The erosion of freedom of speech in the United Kingdom is genuinely worrying, but you do wonder if accounts of sterilised Christmas traditions have been exaggerated, or even manufactured, by right-wing journalists and politicians who are equally as bonkers as their PC counter-parts. Even so, some of the things you hear are so bizarre they could be true. Nor would it appear that Britain stands alone; rumours of politically-correct ‘winter celebrations’ drift across the Pond. The Roosevelt Field Mall (shopping centre) in Long Island has been heavily criticised for putting Santa Claus in a glacial theme, rather than the usual holiday village. Starbucks, already in trouble in the UK for not paying taxes, has allegedly selected a non-Christmas festive design (whatever that means) for its mugs and instructed its servers (known, for some reason, as ‘baristas’) not to wish its customers ‘Merry Christmas’ in case anyone gets upset. Oh dear.
I often hear people grumble about Christmas, but I’ve never actually heard anyone say they are offended by it – except for its over-commercialisation. Apart from occasionally (very) nasty tribal squabbles between Catholic and Protestant, the UK has a pretty good record of religious tolerance in recent centuries. We need to keep it that way. People of good heart – whatever their particular beliefs - would surely find it inconceivable not to respect public displays of faith as has been customary for many hundreds of years?
But Britain is decidedly secular in character and a recent report suggested that Christianity has declined to such an extent that its contribution to public life needs to be diluted. However, being a practising Christian is not a prerequisite for believing in Christmas, whilst a religiously-neutral Christmas is obviously a contradiction in terms. The roots of Christ’s Mass lie in mid-winter religious celebrations enjoyed long before Christianity reached these islands, and our modern Christmas includes traditions that would be alien to early Christians. So what the detractors of Christmas are saying is not simply that people may be upset by Christianity, but by the traditions themselves. In other words, it is the culture that might cause offence. Oh dear (again).
Well, Christmas is part of Britain's culture and heritage. The culture is full of imperfections and others are available, but this one is mine. If it’s yours too, and bearing in mind this is the season of peace and goodwill, I urge you to immediately go out and offend someone. Do it today by holding Christmas in any way you want. Sing carols, put up your Christmas tree, exchange presents, remember the Nativity, go to church, pray, burn the Yule log, eat well, see those you love – and so on.
If Christmas is not part of your culture – have a happy Christmas anyway, enjoy the holiday if you get one and I wish you peace and prosperity for the coming year.
One of the characteristics of British Christmas in recent years has been somewhat of a competition between larger retailers over who has the best TV advert.

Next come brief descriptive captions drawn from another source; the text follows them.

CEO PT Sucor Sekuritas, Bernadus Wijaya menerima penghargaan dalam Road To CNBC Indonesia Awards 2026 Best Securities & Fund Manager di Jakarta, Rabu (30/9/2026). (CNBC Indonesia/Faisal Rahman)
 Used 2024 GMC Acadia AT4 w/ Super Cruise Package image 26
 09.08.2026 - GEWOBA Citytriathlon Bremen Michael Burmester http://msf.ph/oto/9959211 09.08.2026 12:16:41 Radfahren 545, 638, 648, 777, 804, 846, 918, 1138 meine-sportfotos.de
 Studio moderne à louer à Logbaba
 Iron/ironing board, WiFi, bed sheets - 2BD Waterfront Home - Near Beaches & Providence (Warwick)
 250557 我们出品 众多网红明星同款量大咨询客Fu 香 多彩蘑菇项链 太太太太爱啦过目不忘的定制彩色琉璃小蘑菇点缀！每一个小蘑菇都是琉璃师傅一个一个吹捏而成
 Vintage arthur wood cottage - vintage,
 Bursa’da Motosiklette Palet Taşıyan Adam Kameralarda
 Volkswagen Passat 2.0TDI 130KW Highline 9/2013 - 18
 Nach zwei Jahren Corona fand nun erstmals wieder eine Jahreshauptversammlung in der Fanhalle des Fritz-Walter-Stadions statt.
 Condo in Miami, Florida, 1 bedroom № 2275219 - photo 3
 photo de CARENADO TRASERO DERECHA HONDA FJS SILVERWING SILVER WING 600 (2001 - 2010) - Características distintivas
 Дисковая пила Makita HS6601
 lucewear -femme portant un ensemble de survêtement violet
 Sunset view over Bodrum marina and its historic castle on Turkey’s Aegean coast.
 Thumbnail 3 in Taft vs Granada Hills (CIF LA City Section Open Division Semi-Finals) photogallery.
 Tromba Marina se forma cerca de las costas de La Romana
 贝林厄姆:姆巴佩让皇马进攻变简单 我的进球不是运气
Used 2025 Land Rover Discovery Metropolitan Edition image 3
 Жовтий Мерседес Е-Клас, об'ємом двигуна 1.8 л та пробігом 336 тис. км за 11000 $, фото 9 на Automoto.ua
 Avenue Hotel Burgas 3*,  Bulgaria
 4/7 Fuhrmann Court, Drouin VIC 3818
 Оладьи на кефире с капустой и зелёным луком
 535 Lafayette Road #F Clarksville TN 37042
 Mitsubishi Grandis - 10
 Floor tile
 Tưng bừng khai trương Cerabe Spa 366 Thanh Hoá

My current personal favourite is the offering from the supermarket chain, Sainsbury’s, featuring the antics of a hapless cat, Mog. Mog’s Christmas Calamity is hilarious – though it has a slightly twee ending and I’m puzzled that this creature eats boiled eggs. Egg Mog? Be that as it may – take a peek at it on YouTube – last time I checked, it had 25+million hits. If it offends anyone, I’m truly sorry. Really.
I want to thank anyone who has popped into A Bit About Britain and stayed to read anything, particularly if they have left a complimentary comment. It tickles me that people come back – even the anonymous ones (we know who some of you are) – and that A Bit About Britain is read in so many places around the world. Apologies for not saying thank you, or visiting other blogs, as often as I would like. See you again in 2016.